“Todos hemos tenido esa experiencia de leer y releer un texto porque encontrábamos en ese texto una especie de totalidad, de intensidad de aquello que quisiéramos descubrir en el mundo, que no alcanzamos a formular exactamente y que esa lectura nos ponía en evidencia. Esta es mi primera experiencia de lectura de Faulkner”.
Juan José Saer
Hacia 1929, William Faulkner escribió la más afanosa aproximación al inasible problema del tiempo. En el rústico sur de su país inventó una familia, los Compson. Y desde ellos, una historia que se presume desgarrada e inolvidable, pero que nunca se expone al lector. Tampoco hay narrador cabal: quien narra desconoce, por eso narra. Lo que sucede es el lenguaje: cuatro personajes relatan, en El sonido y la furia (1929), no lo que acaece sino el instante del acaecer, la experiencia muda de la palabra que enuncia el suceso que se pretende contar desde una argamasa en la que los discursos se cruzan y superponen en la imposible obsesión de decir el presente de la narración:
Ya os dije que Madre estaba llorando, dijo Quentin. Versh me cogió en brazos y abrió la puerta trasera del porche. Salimos y Versh cerró y la puerta se puso negra. Yo olía a Versh y lo sentía. Ahora quedaros callados. Todavía no vamos a subir. El señor Jason dijo que subierais enseguida. Dijo que me obedecierais. Yo no te voy a obedecer a ti. Dijo que a mí. Verdad, Quentin…

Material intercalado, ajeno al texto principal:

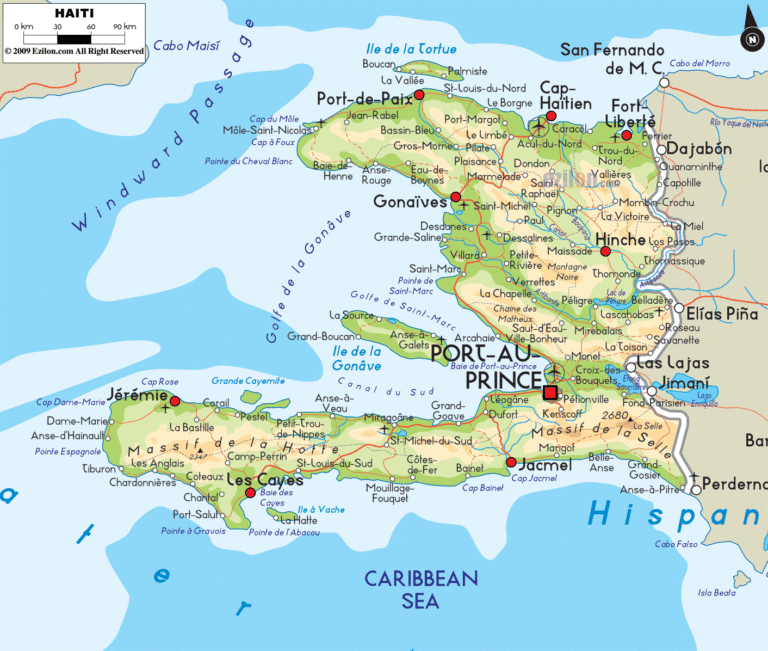 Bản đồ tự nhiên Haiti khổ lớn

En el tempestuoso mar donde sobrevive la furia del relato, alguna voz se abre para dejar salir un sonido que parece comprender el sentido del tiempo y del destino:
Un hombre es la suma de todas sus desdichas, y cuando parece que la desdicha se cansa, entonces el tiempo es la desdicha.
Hay una manera de abordar la narrativa de Faulkner que no se corresponde con los modos habituales de leer: la lectura simultánea, que parece suscitar un texto como El sonido y la furia, invita a la inaudita operación de atender a todas las voces fracturadas de todos los personajes, que a su vez dicen a los personajes sin voz. Esa alucinación lectora, esa desmesurada empresa que pone la fragilidad del hombre frente a un lenguaje inescrutable, es el verdadero propósito de Padre regalándole un reloj a Quentin:
Te lo entrego no para que recuerdes el tiempo, sino para que de vez en cuando lo olvides durante un instante y no agotes tus fuerzas intentando someterlo. Porque nunca se gana una batalla, dijo. Ni siquiera se libra.
La derrota como supremo destino es la lección de Faulkner. En el centro de esa derrota late, imperturbable, la descomposición del tiempo. Los muchos y diversos rostros del tiempo, desnudados por el filoso acero de su novela. La obsesión del lenguaje faulkneriano, disruptivo y audaz para escapar de todas las tradiciones narrativas que presidieron el orden y la racionalidad, es la epopeya formidable que da cuenta de ese fracaso. La literatura de Faulkner vino a decir el tiempo como vacío inevitable inventando un lenguaje que develara esa humana intensidad.